American Dental Association
Having a comprehensive Business Continuity Plan is important, but having the staff understand it and know how to use it --- VITAL.
The American Dental Association (ADA), a 157,000-member, not-for-profit organization established in 1859, is located in a high-traffic, high-tourist area of Chicago, close to Lake Michigan. The building houses, at any given time, hundreds of staff, volunteer leadership, and member dentists, as well as other tenants. ADA was committed to ensuring their safety and ensuring that all staff was prepared should a crisis or disaster occur.
When the threat of H1N1 (swine flu) arose, ADA began advising its member dentists that they should have a business continuity plan (BCP). ADA had an IT contingency plan and a disaster recovery plan, so they had risk mitigated from those perspectives. They also had a meetings plan and an evacuation plan, but nothing that was knitted together.

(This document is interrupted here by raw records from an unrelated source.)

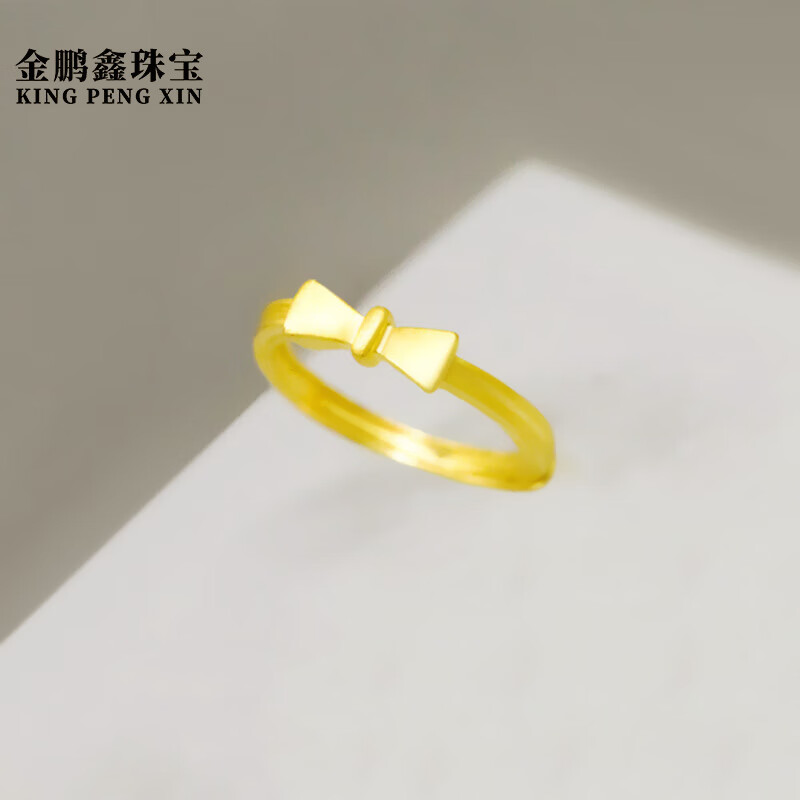 金鹏鑫黄金戒指女款足金999蝴蝶结指环5G(按实付金额实发克重多退少补) 约3.5g属于什么档次？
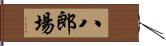 八郎場 Hand Scroll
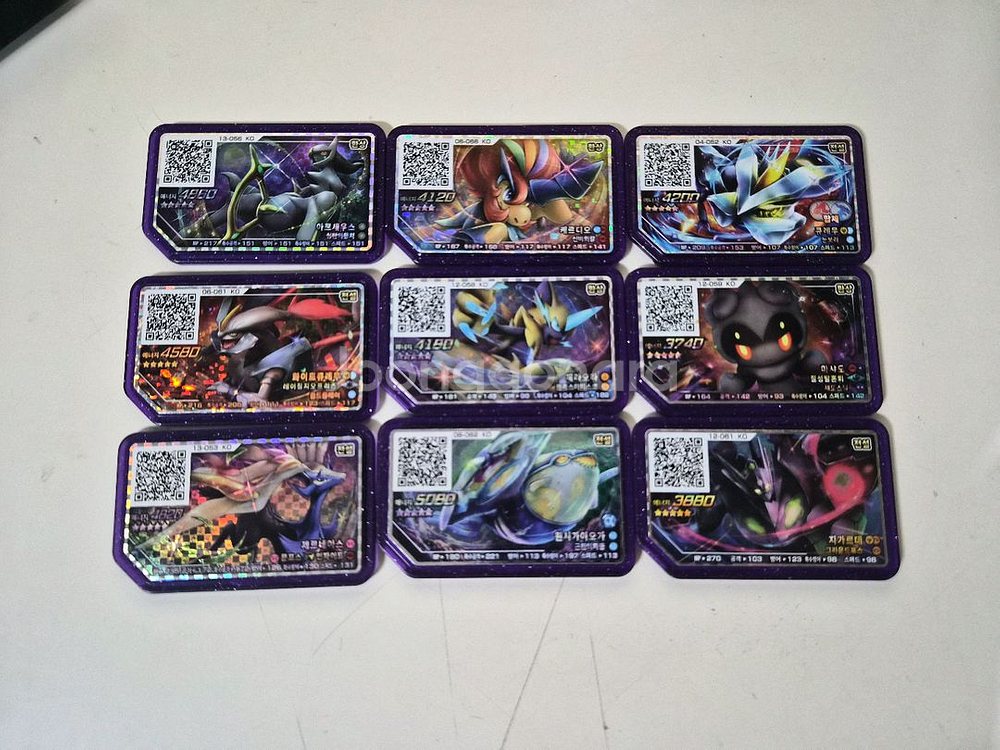 포켓몬 가오레 5성 정품--2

At that point, the ADA started to develop a full business plan, researching methods and resources, and building the skeleton of the complete plan. As the work progressed, they then wondered how they were going to determine if the plan would work. They began looking at organizations to consult on testing the plan, and Attainium kept coming up time after time in their searches as a company that could help the organization.
ADA bought a couple of Attainium's Conduct It Yourself (CIY) Tabletop Exercises, and got good feedback on them. The light went on when they did these exercises… they were a catalyst for implementing the plan," said Bob Mellinger, Attainium CO. "They used small groups of end users for the exercises, explained how things were done, and got buy-in that way."

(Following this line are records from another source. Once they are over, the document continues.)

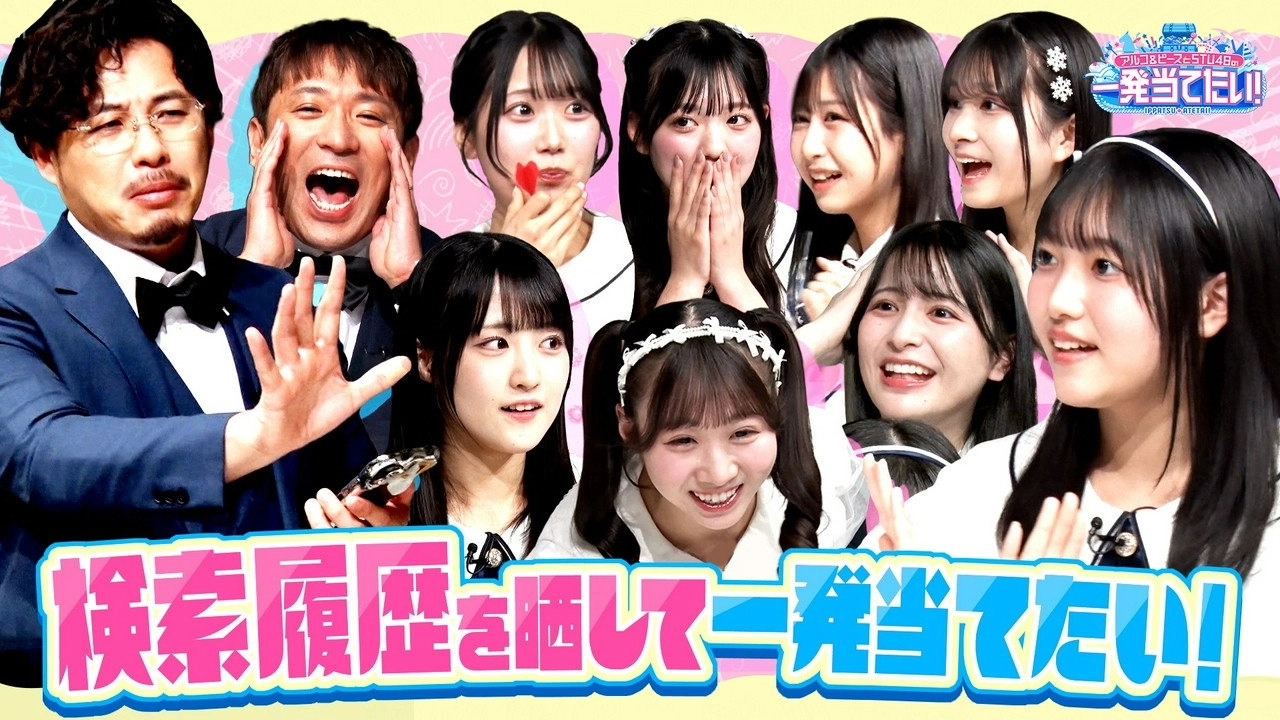 アルコ＆ピースとSTU48の一発当てたい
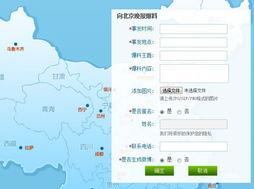 新闻实名爆料入口,助力新闻监督新篇章  第2张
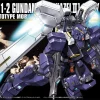 HGUC 1/144 RX-121-2 GUNDAM TR-1 (HAZEL II) -GUNDAM EN LIGNE hg069 tr 1 hazel2 boxart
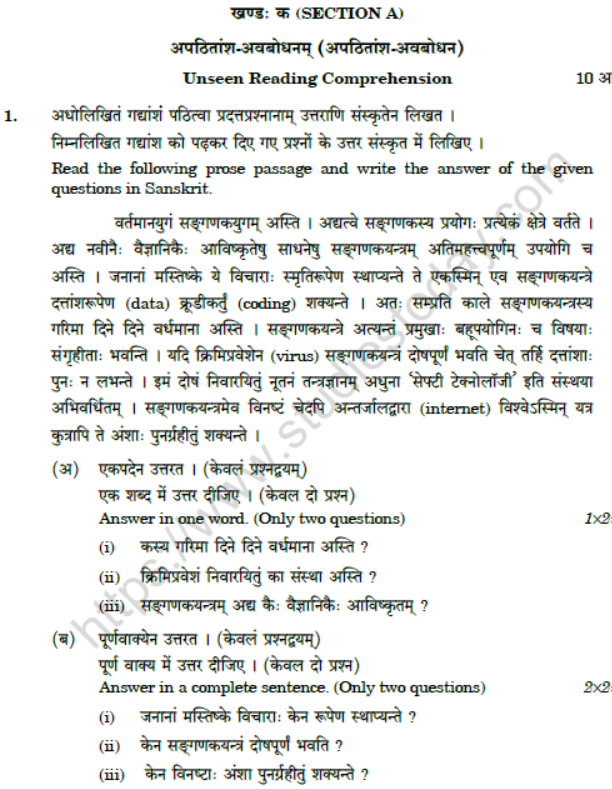 CBSE Class 10 Sanskrit Boards 2020 Question Paper Solved Set A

After using Attainium's CIY exercises, ADA looked into doing more work with the company. Attainium did a review and quality analysis on the ADA plan, and gave input and advice. ADA then decided to have Attainium conduct a training exercise with the executives and the emergency management team (EMT).
The ADA teams understood that business continuity is not just about IT or getting people out of the building," said Mellinger. "They knew the key to a good BCP was integrating all the pieces. It's easy to get stuck in the weeds early in the plan development process, but ADA was able to stay focused and not get sidetracked when challenges arose."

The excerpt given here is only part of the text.